Keywords: Sarcoid reaction, Sarcoidosis, F-18 FDG, PET/CT, Malignancy
Introduction
Sarcoidosis is an idiopathic systemic disorder characterized by epithelioid cell granuloma without caseation. Although it mostly manifests mediastinal lymphadenopathy, lung parenchymal involvement, and skin or ocular symptoms, the clinical manifestations vary with the involved organ [1]. Sarcoidosis has also been observed in patients with malignancy, and numerous studies have reported an association between sarcoidosis and malignancy [2], [3], [4], [5], [6], [7], [8]–9]. Such tumor-related, noncaseating granulomas have been termed 'sarcoid reactions', which are not indicative of systemic sarcoidosis [2]. Sarcoid reactions are believed to be immune responses to soluble antigenic factors released by the tumor cells [3].

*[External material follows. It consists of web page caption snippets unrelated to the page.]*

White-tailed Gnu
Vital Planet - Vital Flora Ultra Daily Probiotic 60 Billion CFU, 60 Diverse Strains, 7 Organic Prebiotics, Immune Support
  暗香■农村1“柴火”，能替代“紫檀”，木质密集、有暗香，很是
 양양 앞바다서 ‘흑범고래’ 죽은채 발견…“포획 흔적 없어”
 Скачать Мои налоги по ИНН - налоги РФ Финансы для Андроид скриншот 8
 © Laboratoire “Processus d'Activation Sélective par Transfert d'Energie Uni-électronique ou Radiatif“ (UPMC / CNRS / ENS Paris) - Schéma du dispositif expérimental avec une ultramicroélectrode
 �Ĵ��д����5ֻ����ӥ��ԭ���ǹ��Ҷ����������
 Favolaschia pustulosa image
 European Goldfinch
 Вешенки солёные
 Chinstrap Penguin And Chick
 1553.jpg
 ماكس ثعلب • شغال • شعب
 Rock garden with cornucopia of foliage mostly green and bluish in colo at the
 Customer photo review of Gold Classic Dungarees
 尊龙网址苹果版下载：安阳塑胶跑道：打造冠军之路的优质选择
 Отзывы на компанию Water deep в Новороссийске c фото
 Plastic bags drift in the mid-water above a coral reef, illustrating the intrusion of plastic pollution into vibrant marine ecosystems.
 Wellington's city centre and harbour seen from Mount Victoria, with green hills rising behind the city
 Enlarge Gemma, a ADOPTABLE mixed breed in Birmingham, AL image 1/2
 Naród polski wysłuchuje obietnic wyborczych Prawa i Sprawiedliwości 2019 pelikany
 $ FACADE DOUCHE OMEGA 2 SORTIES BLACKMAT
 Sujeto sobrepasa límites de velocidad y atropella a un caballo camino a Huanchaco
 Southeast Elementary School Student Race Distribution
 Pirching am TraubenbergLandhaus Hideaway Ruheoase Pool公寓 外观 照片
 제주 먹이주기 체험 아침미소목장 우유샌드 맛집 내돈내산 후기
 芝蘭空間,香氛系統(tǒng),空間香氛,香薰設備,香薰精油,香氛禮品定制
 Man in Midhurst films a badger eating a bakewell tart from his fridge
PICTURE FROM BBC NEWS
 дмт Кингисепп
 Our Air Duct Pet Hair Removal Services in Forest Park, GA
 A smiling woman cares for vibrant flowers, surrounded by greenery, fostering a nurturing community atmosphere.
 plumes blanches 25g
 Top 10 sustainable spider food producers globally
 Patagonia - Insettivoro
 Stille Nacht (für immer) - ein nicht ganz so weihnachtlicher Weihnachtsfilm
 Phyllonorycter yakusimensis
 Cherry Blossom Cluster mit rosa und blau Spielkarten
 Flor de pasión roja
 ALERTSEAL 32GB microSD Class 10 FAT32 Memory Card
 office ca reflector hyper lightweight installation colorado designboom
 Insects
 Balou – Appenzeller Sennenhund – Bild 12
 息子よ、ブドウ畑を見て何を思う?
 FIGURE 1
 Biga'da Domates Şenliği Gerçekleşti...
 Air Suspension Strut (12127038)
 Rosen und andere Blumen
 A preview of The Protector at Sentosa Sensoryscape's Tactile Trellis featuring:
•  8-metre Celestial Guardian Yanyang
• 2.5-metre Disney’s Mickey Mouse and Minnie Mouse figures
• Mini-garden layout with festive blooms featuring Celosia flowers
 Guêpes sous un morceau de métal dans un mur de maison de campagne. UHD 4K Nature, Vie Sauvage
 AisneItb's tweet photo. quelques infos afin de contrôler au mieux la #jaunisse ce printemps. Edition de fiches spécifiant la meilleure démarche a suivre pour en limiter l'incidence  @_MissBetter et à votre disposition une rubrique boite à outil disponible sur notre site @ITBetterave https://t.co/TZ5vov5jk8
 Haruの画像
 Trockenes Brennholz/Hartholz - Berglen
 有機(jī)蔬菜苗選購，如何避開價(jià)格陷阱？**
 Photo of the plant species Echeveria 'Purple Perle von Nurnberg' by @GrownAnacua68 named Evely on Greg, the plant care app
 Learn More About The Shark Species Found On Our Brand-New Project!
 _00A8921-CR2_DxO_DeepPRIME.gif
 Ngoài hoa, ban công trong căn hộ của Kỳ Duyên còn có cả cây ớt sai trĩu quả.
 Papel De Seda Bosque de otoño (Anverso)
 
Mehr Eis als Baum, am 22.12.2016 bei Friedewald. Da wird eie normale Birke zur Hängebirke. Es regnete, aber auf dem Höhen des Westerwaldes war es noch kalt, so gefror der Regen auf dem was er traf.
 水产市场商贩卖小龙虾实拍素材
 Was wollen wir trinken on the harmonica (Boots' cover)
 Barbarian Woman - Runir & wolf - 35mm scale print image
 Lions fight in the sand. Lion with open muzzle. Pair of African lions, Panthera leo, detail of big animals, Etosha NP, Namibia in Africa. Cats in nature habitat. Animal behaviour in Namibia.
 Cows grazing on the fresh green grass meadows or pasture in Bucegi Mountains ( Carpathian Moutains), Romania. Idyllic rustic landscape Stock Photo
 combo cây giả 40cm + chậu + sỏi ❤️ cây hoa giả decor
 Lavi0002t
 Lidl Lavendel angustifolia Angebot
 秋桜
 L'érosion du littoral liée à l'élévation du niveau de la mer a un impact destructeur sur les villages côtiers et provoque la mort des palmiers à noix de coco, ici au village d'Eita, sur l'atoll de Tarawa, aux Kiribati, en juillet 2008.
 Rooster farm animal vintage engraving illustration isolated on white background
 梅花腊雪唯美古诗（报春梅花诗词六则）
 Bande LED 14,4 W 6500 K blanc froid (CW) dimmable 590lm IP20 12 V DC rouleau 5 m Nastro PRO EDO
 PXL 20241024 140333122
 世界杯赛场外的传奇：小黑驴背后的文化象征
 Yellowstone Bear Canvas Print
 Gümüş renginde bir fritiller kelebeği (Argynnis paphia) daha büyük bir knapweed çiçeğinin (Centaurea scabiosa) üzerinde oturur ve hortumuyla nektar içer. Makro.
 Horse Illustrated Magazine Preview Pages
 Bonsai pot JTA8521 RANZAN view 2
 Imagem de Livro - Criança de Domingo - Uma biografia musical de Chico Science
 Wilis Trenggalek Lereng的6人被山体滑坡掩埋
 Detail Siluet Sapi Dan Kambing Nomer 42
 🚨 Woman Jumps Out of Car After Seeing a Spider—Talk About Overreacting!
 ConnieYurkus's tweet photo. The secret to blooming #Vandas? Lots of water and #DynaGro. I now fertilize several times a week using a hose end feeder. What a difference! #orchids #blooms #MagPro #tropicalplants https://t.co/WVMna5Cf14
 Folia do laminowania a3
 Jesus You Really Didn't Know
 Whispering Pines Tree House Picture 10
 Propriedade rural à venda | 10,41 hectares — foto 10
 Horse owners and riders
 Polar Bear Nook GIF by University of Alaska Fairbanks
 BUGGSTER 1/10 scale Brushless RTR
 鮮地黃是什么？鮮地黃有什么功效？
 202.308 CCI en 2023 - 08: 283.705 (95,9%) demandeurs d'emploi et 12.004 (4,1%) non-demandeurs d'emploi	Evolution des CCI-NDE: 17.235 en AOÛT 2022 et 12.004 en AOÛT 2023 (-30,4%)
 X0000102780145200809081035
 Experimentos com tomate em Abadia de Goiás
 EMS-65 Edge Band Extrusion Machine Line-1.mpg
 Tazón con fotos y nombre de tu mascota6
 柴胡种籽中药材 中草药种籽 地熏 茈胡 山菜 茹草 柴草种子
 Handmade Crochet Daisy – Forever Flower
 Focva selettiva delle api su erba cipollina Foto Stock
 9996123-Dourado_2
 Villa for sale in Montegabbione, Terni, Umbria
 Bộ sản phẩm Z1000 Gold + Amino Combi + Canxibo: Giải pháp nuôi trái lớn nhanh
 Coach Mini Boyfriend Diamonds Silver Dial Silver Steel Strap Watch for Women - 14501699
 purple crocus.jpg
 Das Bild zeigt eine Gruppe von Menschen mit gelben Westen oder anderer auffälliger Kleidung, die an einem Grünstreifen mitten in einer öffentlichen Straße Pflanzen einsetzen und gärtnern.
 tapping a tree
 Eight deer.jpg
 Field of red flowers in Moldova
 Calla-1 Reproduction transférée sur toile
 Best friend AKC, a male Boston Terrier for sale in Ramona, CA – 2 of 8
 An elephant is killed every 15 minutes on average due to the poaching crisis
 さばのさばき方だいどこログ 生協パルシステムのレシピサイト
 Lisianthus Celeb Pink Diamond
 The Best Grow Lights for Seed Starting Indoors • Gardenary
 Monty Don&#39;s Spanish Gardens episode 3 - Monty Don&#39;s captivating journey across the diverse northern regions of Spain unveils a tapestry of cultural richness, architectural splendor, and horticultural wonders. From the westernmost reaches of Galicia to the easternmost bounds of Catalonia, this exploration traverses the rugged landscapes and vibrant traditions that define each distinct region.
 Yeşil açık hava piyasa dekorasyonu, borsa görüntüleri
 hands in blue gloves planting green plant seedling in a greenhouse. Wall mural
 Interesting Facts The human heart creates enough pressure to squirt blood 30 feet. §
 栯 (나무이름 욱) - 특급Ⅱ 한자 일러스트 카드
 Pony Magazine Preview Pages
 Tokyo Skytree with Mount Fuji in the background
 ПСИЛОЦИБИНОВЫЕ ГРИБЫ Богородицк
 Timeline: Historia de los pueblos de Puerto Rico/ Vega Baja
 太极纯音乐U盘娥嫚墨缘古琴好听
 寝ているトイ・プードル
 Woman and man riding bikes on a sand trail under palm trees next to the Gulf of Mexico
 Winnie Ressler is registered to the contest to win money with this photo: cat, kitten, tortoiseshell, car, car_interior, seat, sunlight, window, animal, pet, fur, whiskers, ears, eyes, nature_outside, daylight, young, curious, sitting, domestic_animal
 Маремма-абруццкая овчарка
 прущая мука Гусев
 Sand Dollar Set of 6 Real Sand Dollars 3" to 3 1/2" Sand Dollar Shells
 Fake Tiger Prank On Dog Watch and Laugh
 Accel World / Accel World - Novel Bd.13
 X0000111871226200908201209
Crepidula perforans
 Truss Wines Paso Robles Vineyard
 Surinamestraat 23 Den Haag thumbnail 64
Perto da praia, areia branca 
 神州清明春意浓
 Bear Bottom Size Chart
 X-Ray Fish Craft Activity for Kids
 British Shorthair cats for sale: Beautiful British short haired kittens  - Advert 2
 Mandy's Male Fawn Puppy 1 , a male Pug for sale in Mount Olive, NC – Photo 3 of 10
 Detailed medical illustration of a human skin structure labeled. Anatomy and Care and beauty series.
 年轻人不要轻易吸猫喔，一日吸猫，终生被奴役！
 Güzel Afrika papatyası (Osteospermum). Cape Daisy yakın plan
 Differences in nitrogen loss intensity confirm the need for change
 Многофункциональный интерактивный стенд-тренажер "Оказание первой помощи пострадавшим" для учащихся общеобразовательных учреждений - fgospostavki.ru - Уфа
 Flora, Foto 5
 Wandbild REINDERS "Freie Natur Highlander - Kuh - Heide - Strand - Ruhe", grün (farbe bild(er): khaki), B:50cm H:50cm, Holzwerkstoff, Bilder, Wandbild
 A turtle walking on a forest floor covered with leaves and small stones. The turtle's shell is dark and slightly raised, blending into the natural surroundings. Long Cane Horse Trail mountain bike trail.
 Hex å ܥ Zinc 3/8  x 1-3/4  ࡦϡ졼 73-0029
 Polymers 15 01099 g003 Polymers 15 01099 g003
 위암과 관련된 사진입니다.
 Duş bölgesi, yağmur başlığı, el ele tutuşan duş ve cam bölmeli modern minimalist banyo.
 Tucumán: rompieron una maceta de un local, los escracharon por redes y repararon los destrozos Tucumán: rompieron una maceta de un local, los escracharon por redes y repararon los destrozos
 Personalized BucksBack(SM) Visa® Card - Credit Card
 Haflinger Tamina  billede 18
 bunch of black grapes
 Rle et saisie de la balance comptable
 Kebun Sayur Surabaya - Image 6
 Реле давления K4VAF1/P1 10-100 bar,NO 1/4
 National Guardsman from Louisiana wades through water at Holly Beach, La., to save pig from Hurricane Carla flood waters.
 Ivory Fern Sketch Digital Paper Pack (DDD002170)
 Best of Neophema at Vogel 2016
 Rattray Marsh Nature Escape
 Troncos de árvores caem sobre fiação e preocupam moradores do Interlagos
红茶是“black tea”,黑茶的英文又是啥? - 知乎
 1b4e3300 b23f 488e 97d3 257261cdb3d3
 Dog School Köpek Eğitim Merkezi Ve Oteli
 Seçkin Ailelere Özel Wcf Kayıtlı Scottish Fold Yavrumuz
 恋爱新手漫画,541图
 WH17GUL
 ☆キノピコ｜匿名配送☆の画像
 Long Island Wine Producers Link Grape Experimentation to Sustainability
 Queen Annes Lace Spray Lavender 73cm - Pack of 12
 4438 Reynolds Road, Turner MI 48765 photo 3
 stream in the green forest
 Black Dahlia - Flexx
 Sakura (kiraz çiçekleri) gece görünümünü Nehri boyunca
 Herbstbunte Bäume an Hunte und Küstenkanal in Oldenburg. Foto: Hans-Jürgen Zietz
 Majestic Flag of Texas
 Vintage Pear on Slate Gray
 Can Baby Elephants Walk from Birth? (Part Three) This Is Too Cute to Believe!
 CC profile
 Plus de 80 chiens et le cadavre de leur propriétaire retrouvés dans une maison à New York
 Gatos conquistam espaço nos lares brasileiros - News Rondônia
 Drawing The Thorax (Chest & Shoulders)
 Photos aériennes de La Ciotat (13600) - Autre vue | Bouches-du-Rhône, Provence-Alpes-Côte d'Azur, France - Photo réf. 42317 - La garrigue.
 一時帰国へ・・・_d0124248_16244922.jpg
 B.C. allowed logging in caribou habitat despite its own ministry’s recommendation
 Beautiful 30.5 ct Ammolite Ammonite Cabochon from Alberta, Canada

2′-deoxy-2′-[F-18]fluoro-D-glucose (F-18 FDG) positron emission tomography/computed tomography (PET/CT) imaging is widely accepted in oncologic diagnosis. Although sarcoid reactions are uncommon, discriminating them from malignancies is challenging because sarcoidosis is a highly FDG-avid disease process. Herein, we report an atypical pattern of sarcoid reaction in FDG PET/CT images of a patient with breast malignancy.
Case report
A 58-year-old woman had a history of left breast cancer (pT1aN0) that was treated 40 months earlier using total mastectomy, followed by 6 cycles of chemotherapy with cytoxan, methotrexate, and fluorouracil. FDG PET/CT imaging was performed 3 months after the completion of chemotherapy, and it revealed hypermetabolic lymphadenopathy (SUVmax, 11.5) in the right supraclavicular, right mediastinal, and right perihilar areas (Fig. 1A). We interpreted those as metastases because the involved sites were intensely hypermetabolic, and did not appear on preoperative CT examination. Fine-needle aspiration cytology of the right supraclavicular lymph node suggested chronic granulomatous lymphadenitis. The patient had refused excisional biopsy; hence, empirical anti-tuberculosis treatment was started. FDG PET/CT imaging repeated 1 year later showed that hypermetabolic lymphadenopathy (SUVmax, 14.4) was aggravated and involved the bilateral supraclavicular, bilateral mediastinal, and intraperitoneal areas (Fig. 1B). Subsequently, an excisional biopsy of the supraclavicular lymph node was performed. The pathologic evaluation revealed noncaseating chronic granulomas composed of epithelioid histiocytes without necrosis. No evidence of malignant cells was seen (Figs. 2A and B). PCR tests for Mycobacterium tuberculosis and nontuberculous Mycobacteria were negative, and a special stain for acid-fast bacillus was also negative. The serum angiotensin-converting enzyme level was slightly elevated (76.4 IU/L). These findings suggested that the granulomas were because of a sarcoid reaction associated with breast cancer. After appropriate steroid therapy, follow-up FDG PET/CT imaging revealed that both the size and metabolic activity of lymphadenopathy markedly decreased (Fig. 1C).
Fig. 1.
F-18 FDG PET/CT images of the patient (A) Intense hypermetabolic lymphadenopathy in the right supraclavicular, right mediastinal, and right perihilar areas can be seen, suggesting metastasis. (B) The follow-up FDG PET/CT performed after the completion of anti-tuberculosis treatment showed aggravated lesions. (C) Both metabolic activity and the size of the lymphadenopathy substantially decreased after appropriate steroid treatment.
Fig. 2.
Pathologic findings of the excised lymph node. (A) Multiple confluent granulomas, replacing nearly the entire lymph node, with a cuff of small lymphocytes, can be seen (H-E, x 100). (B) Granulomas are composed of epithelioid histiocytes and are surrounded by small reactive lymphocytes. Caseating necrosis is absent (H-E, x 400).
Discussion
Sarcoid reactions are noncaseating granulomatous reactions in patients with malignancy and are not indicative of systemic sarcoidosis [2]. These reactions have been described in patients with various malignancies; their reported incidence is 4.4% among patients with carcinoma, 13.8% among those with Hodgkin disease, and 7.3% among patients with non-Hodgkin lymphomas [2].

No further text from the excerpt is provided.